### [PROBLEM DESCRIPTION]
Output a verbatim copy of the data, cut off after the line that contains "Diogenis House".

*** Opening of SOURCE DATA ***

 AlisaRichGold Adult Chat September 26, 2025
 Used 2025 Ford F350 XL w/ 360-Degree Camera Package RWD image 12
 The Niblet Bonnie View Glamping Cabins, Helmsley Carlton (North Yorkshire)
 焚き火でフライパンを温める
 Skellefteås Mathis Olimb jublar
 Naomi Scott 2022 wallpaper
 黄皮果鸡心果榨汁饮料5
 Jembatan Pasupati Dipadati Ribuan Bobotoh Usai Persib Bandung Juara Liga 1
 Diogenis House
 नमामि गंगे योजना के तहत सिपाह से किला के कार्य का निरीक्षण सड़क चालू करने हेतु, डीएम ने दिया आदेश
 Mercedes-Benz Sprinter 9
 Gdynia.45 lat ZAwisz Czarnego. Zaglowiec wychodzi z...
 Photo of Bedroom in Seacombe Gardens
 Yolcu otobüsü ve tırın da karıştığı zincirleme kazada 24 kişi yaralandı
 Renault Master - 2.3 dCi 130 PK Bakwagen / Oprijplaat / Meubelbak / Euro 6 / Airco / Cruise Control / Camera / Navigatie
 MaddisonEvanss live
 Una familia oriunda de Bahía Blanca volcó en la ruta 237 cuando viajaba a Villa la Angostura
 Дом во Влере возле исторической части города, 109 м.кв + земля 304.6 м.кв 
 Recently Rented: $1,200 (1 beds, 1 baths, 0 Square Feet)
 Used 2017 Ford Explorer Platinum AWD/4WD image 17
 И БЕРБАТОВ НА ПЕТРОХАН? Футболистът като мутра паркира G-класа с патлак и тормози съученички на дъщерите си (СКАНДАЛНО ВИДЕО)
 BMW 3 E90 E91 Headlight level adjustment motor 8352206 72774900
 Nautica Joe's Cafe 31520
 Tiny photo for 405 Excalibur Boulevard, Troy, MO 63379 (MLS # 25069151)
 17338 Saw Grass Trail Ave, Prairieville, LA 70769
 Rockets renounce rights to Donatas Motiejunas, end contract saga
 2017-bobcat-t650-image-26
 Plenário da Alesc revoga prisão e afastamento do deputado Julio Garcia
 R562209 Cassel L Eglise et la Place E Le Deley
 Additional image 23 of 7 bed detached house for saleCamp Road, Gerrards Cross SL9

*** Close of SOURCE DATA ***

### [YOUR RESPONSE]
 AlisaRichGold Adult Chat September 26, 2025
 Used 2025 Ford F350 XL w/ 360-Degree Camera Package RWD image 12
 The Niblet Bonnie View Glamping Cabins, Helmsley Carlton (North Yorkshire)
 焚き火でフライパンを温める
 Skellefteås Mathis Olimb jublar
 Naomi Scott 2022 wallpaper
 黄皮果鸡心果榨汁饮料5
 Jembatan Pasupati Dipadati Ribuan Bobotoh Usai Persib Bandung Juara Liga 1
 Diogenis House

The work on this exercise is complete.